**Exercise input:**
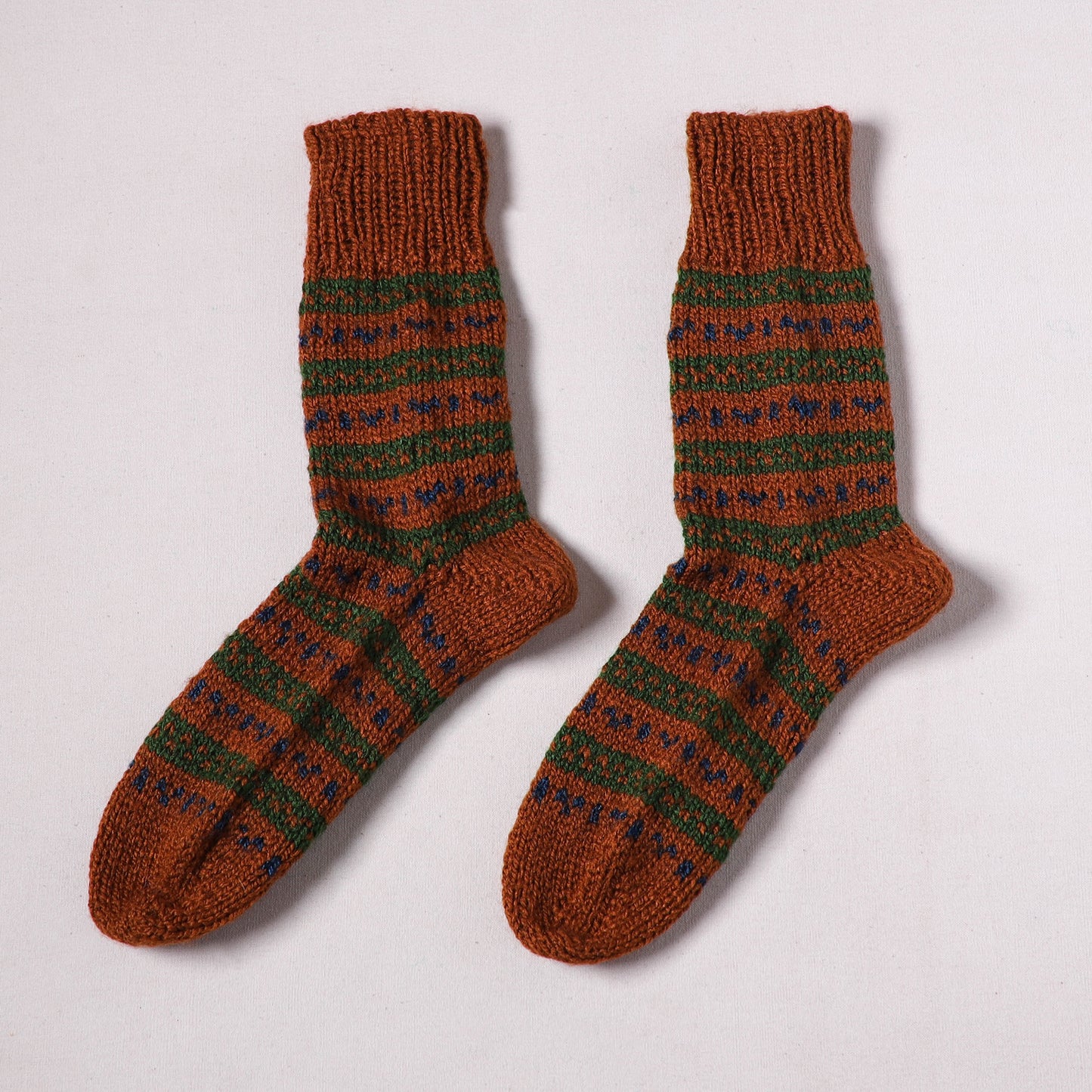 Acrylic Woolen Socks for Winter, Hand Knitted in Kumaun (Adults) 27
* * *
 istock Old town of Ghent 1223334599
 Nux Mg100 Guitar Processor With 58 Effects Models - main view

**About this exercise:** Working from the material above, restate word for word the lines between the line with "istock Old town of Ghent 1223334599" and the line with "Nux Mg100 Guitar", both included, and only those.

**Written solution:**
 istock Old town of Ghent 1223334599
 Nux Mg100 Guitar Processor With 58 Effects Models - main view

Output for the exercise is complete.